How Active Metadata Enhances Data Management and Governance
Active metadata’s ability to update automatically whenever the data it describes changes now extends beyond the data profile itself to enhance the management of data access, classification, and quality. Passive metadata’s static nature limits its use to data discovery, but the dynamic nature of active metadata delivers real-time insights into the data’s lineage to help automate data governance:
- Get a 360-degree view of data. Active metadata’s ability to auto-update ensures that metadata delivers complete and up-to-date descriptions of the data’s lineage, context, and quality. Companies can tell at a glance whether the data is being used effectively, appropriately, and in compliance with applicable regulations.
- Monitor data quality in real time. Automatic metadata updates improve data quality management by providing up-to-the-minute metrics on data completeness, accuracy, and consistency. This allows organizations to identify and respond to potential data problems before they affect the business.
- Patch potential governance holes. Active metadata allows data governance rules to be enforced automatically to safeguard access to the data, ensure it’s appropriately classified, and confirm it meets all data retention requirements. The added layer of protection reduces the chances of the company’s sensitive data being compromised.
- Make better business decisions. Analytics are a vital component of management decision-making. Active metadata delivers context and insights that aren’t possible with passive metadata. The technology highlights trends and patterns in the data and establishes correlations between disparate data elements that wouldn’t surface otherwise.
From a data consumer’s perspective, active metadata adds depth and breadth to their perception of the data that fuels their decision-making. By highlighting connections between data elements that would otherwise be hidden, active metadata promotes logical reasoning about data assets.

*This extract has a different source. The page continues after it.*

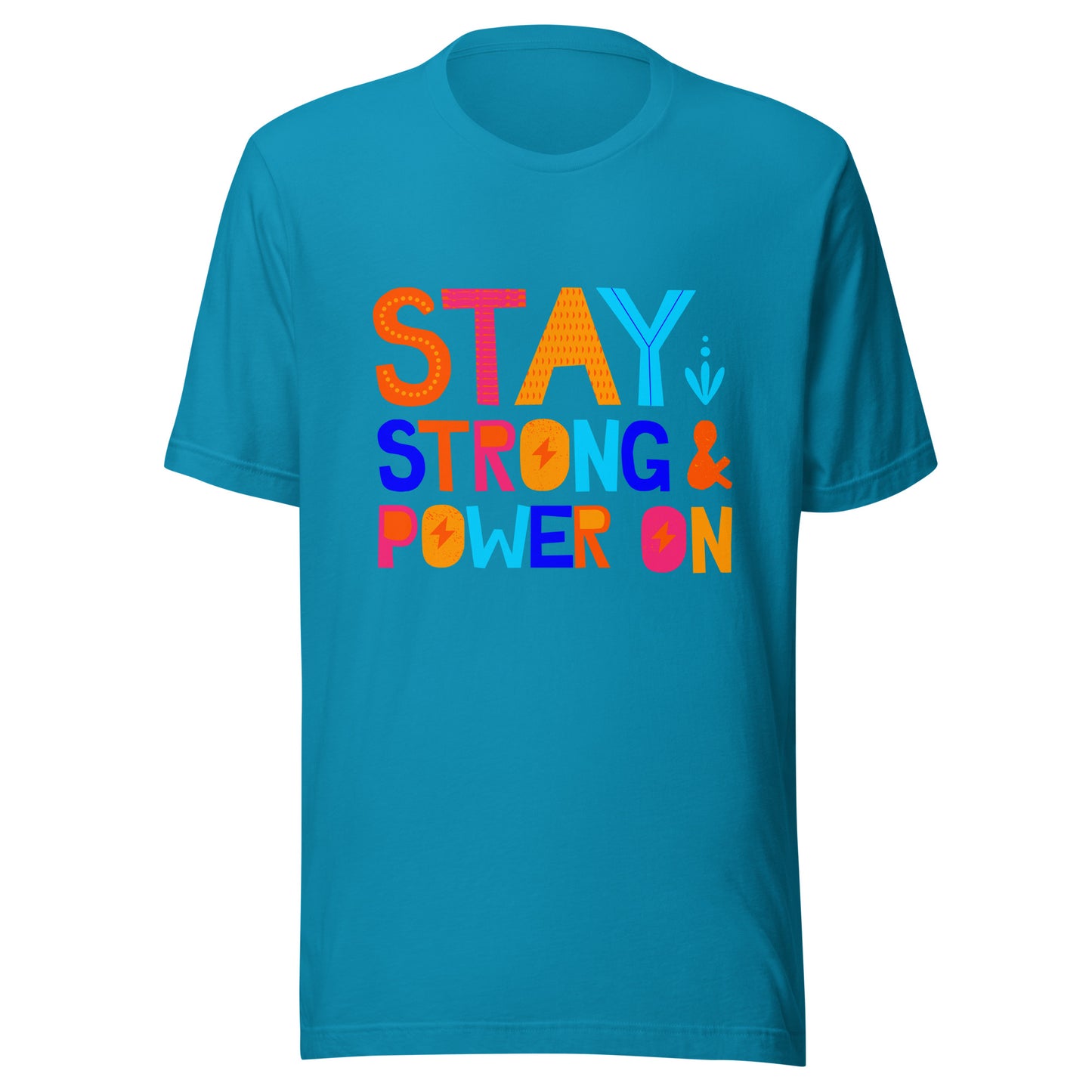 'Stay Strong & Power On' Unisex T-Shirt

This is especially so when working on complex problems that involve a large number of disconnected business and technical entities.
- The active metadata analytics workflow orchestrates metadata management across platforms to enhance application integration, resource management, and quality monitoring. It provides a single, comprehensive snapshot of the current status of all data assets involved in business decision-making.

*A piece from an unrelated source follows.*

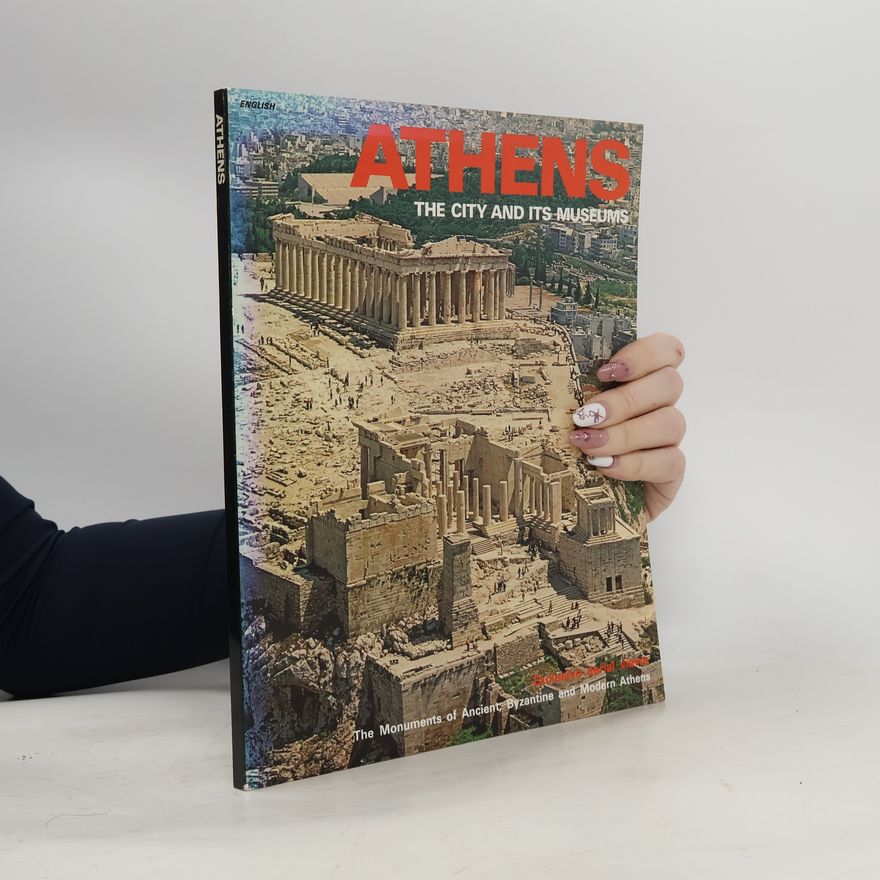 Iris Douskou Athens. The City and its Museums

- The technology augments metadata with information gleaned from business processes and information systems. This helps teams collaborate more efficiently while enhancing the overall accuracy of the company’s decision processes.
- By allowing decision makers to visualize metadata and identify and trace links between data assets, active metadata delivers a more complete picture with greater detail and the most up-to-date context. It promotes standardization of metadata definitions across applications, and throughout and beyond the enterprise.
- Active metadata’s built-in change management and auditing makes what-if scenarios and forecasting more reliable, which allows managers to anticipate the impact of proposed changes and updates with more precision. It also improves the company’s ability to respond quickly and more effectively to changing conditions.
Slow and steady may apply to races between tortoises and hares, but when it comes to making smart, winning business decisions, those who snooze, lose. Successful organizations aren’t satisfied with keeping up with the competition – they look to set the pace and leave their rivals far behind. Active metadata gives business decision-makers an edge by providing the most accurate, relevant, and timely information available.